## Raw data
::::::

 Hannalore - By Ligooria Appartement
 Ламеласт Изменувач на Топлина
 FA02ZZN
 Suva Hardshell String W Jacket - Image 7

::::::

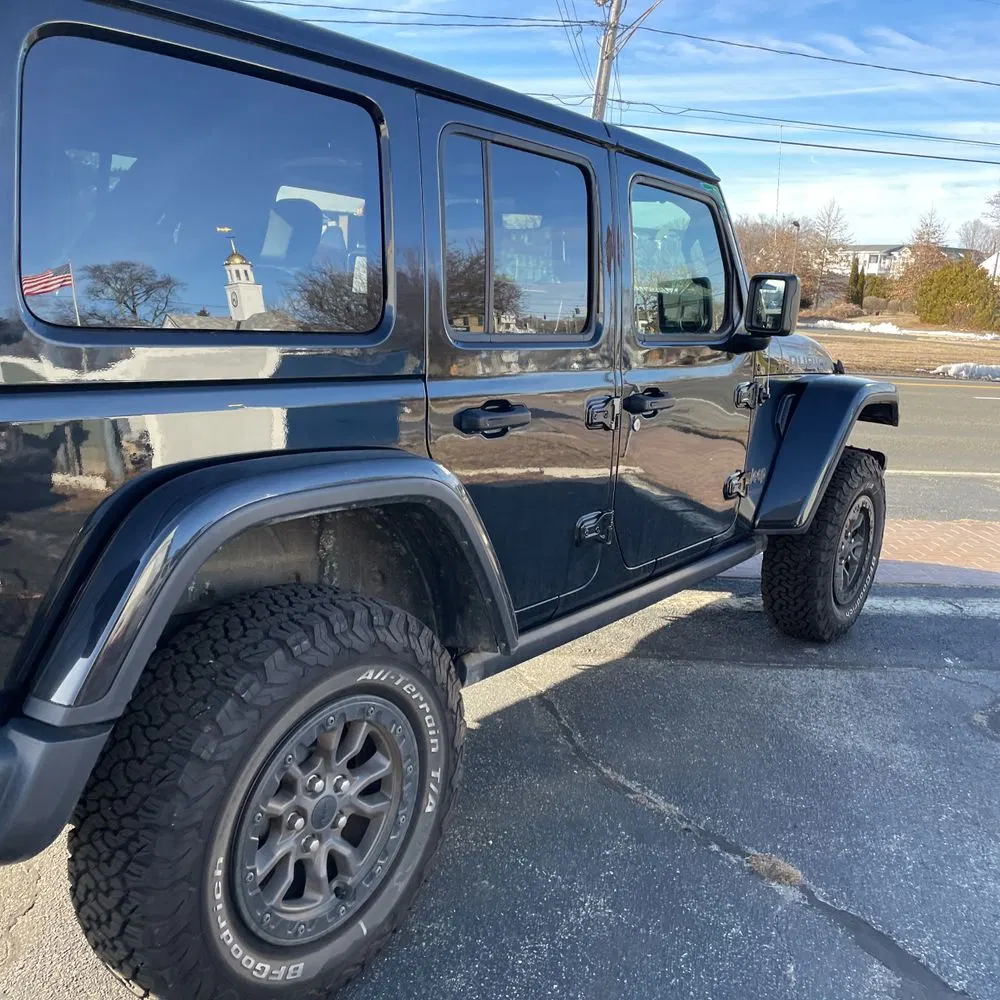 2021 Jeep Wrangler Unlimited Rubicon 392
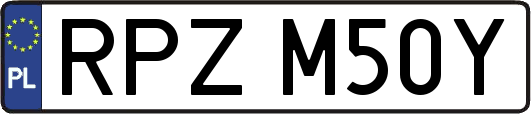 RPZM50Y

::::::

## Your objective
For the listing above, print only the lines starting at the line containing "Ламеласт Изменувач на Топлина" and ending at the line containing "Suva Hardshell String W Jacket - Image 7", exactly, both included.

## Task result
 Ламеласт Изменувач на Топлина
 FA02ZZN
 Suva Hardshell String W Jacket - Image 7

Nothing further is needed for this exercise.